Loved ones said their final goodbyes Monday to a former Camp Lejeune Marine whose police cruiser plunged off a bridge in Asheville.
Funeral services were held at Biltmore Baptist Church in Arden Monday morning for Senior Police Officer Robert Austin Bingaman, who died after his police cruiser ran off a bridge on Interstate 240 in Asheville at about 1 p.m. on Oct. 29. The car landed along Riverside Drive.
Bingaman was later buried at Western N.C. Veteran's Cemetery in Black Mountain.
Asheville Police Chief William J. Anderson said Bingaman was traveling across the French Broad River when he lost control of his patrol vehicle and went off the Captain Jeff Bowen Bridge.
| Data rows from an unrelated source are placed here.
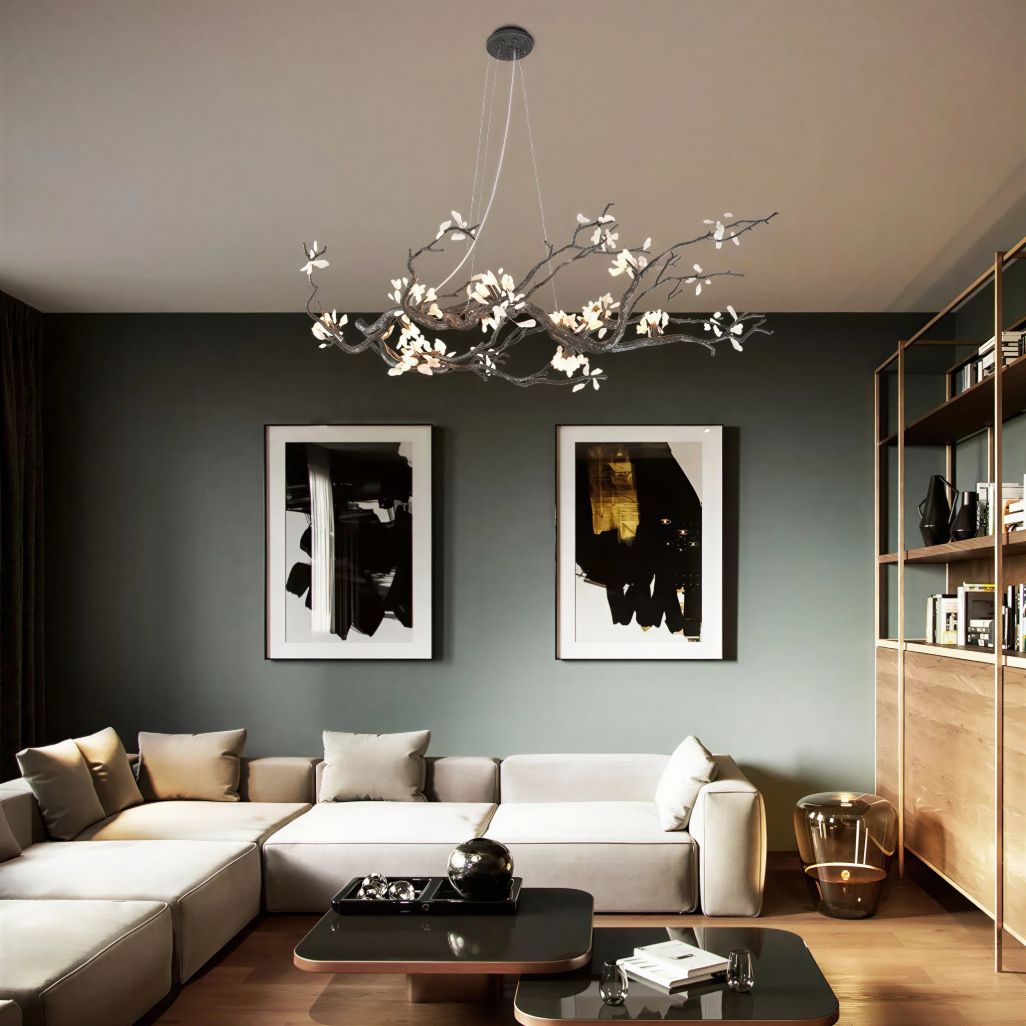 Suspension Luminaire Design Lustre Bonsaï Cuivre Art Déco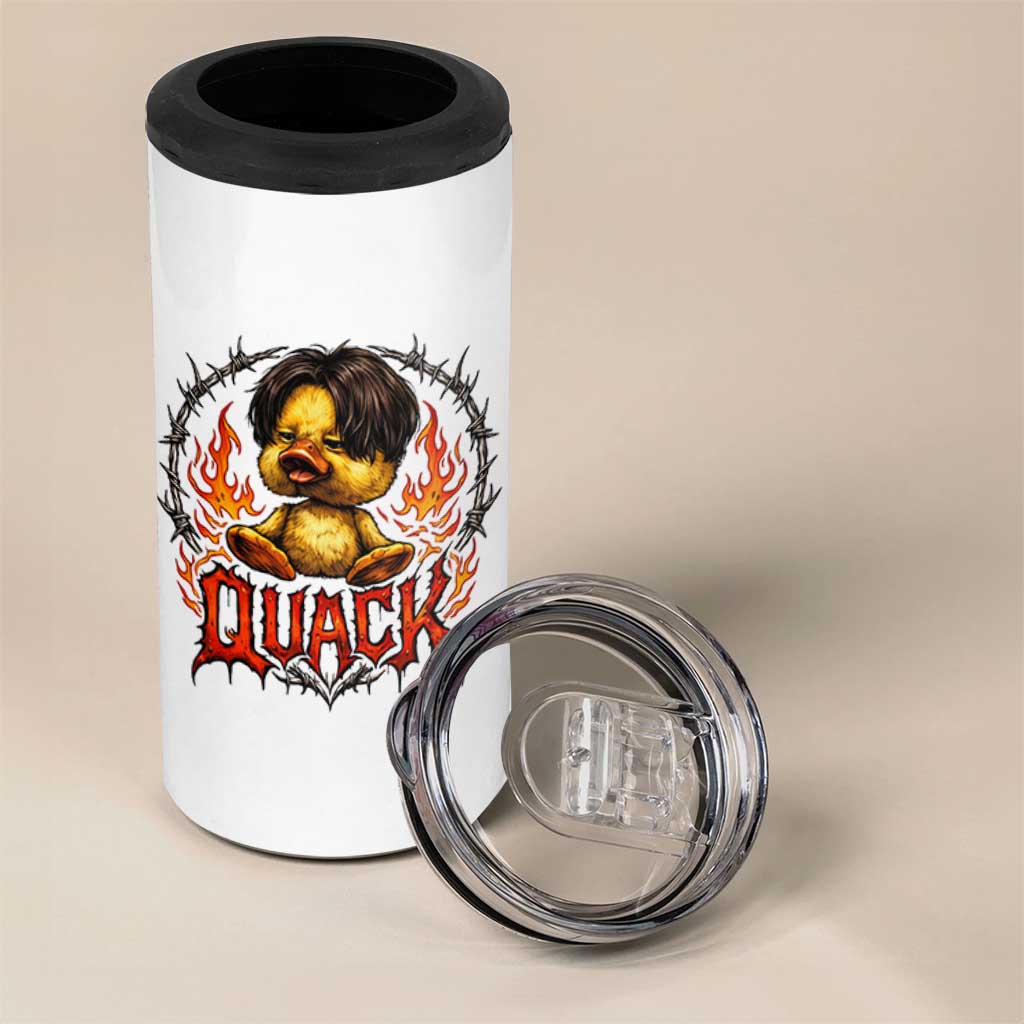 Funny Duck Metal Concert 4 in 1 Can Cooler Tumbler Rock Band Quack Meme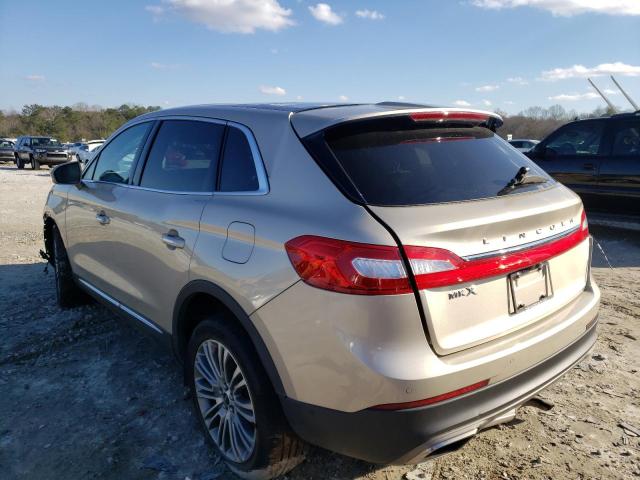 2LMPJ6LR5HBL47018 - 2017 LINCOLN MKX RESERVE GOLD photo 2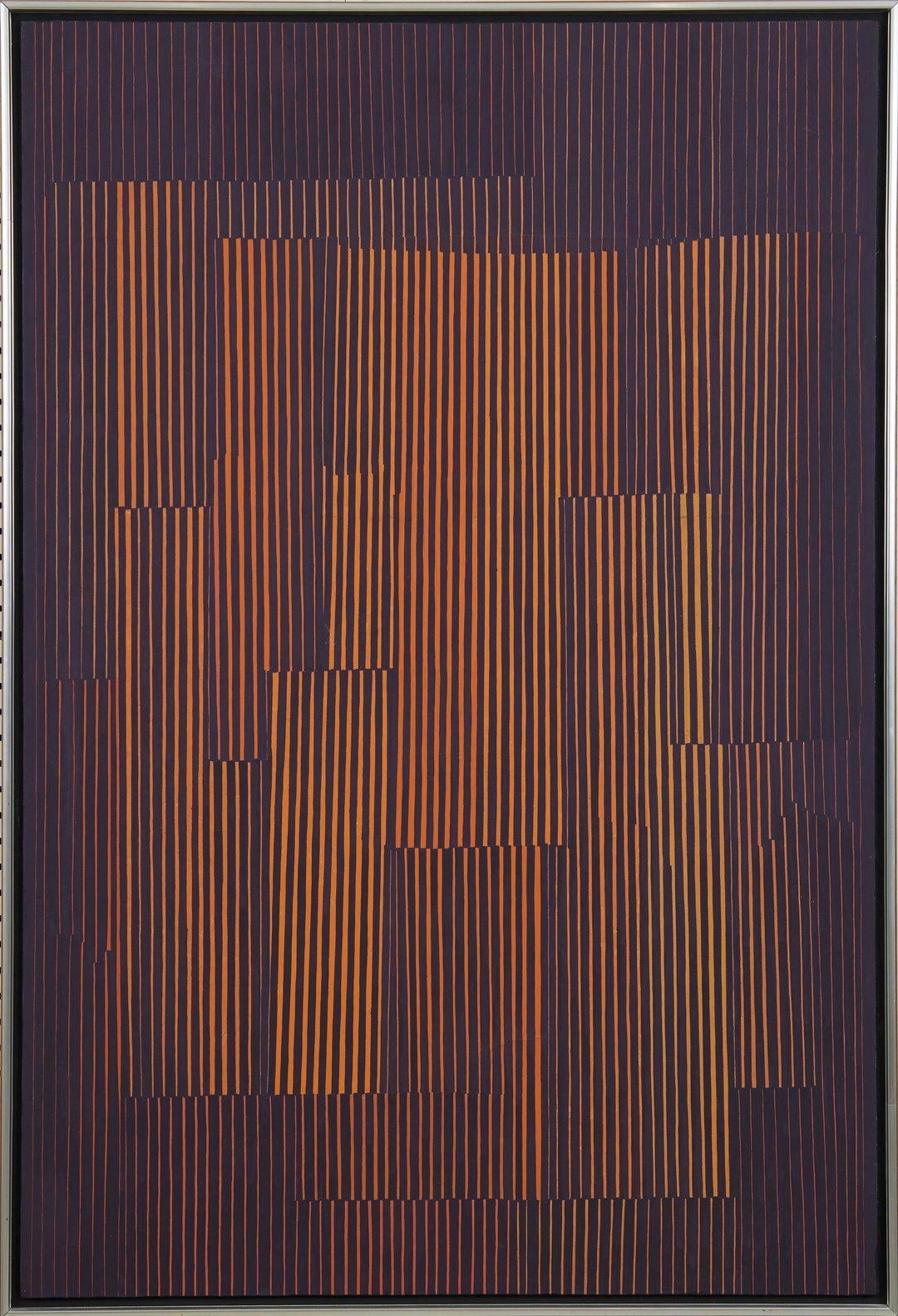 Nocturnal Variants, 1964 OpArt abstraktes geometrisches Acryl, Cleveland School – Painting von Julian Stanczak
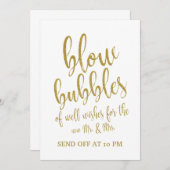 バブルを飛ばしてゴールドを祝福する お手頃な結婚式の看板 招待状 (正面/裏面)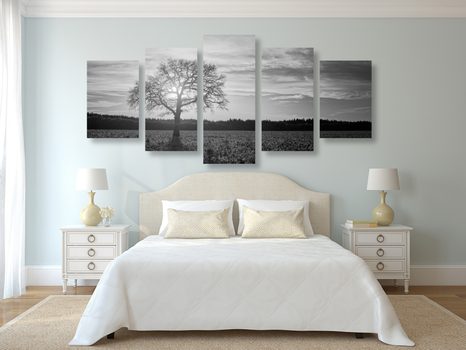 5 RÉSZES KÉK MAGÁNYOS FA FELETE FEHÉRBEN - FEKETE-FEHÉR KÉPEK - KÉPEK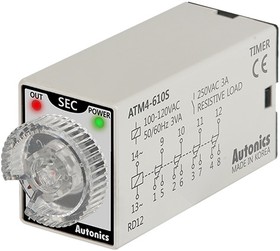 ATM4-610S, Таймер аналоговый, 4 контакта 1C,100 В~, 50/60 Гц, 10 единиц, секунды.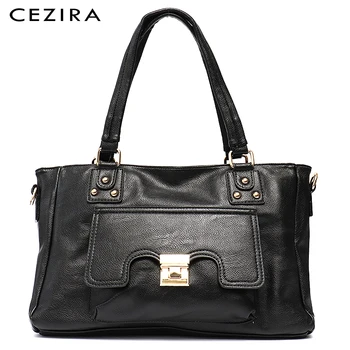 

CEZIRA Work Women Bag Large Capacity Shoulder&Crossbody Bag Flap Lock Front Pocket Handbag Vegan Leather High Quality Totebag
As of Monday, the Highway Patrol was still investigating what caused the deadly wreck.
NewsChannel 12 talked with friend Brian Coffey, who had served with Bingaman in the Marine Corps while the two were stationed at Camp Lejeune.
"He continued on being a hero after leaving the Marines," said Coffey. "He's a good guy. I mean, he's a real good guy...He's always funny. He's one of those guys that, you know, will always have your back, no matter what."
According to the Marine Corps, Bingaman was stationed at Camp Lejeune from January 1996 to January 2000. Bingaman was an auto mechanic who left the Marine Corps as a sergeant.
Coffey, who now lives in Wisconsin, said he had served with Bingaman for about three years.
"It's just a shocking thing to see, you know, One of your brothers that you served with has passed away," said Coffey. "Luckily for me, with all the stuff that's been going on here, he's truly one of the first brothers that I lost, and it's a shock. And I know all the other guys said that he served with, worked for, stuff like that, are all extremely shocked and saddened for his loss."
There was no one else in Officer Bingaman's police cruiser and no one else was hurt, said the Asheville police chief.
Firefighters said it took some time to stabilize the police car, and they had to strap the back end of the vehicle to a bridge piling.
Bingaman was 37 and had been with the Asheville Police Department for six years. He was working in the Traffic Safety Unit.
"He's just kind of a good old country boy," said Coffey. "I liked him from day one."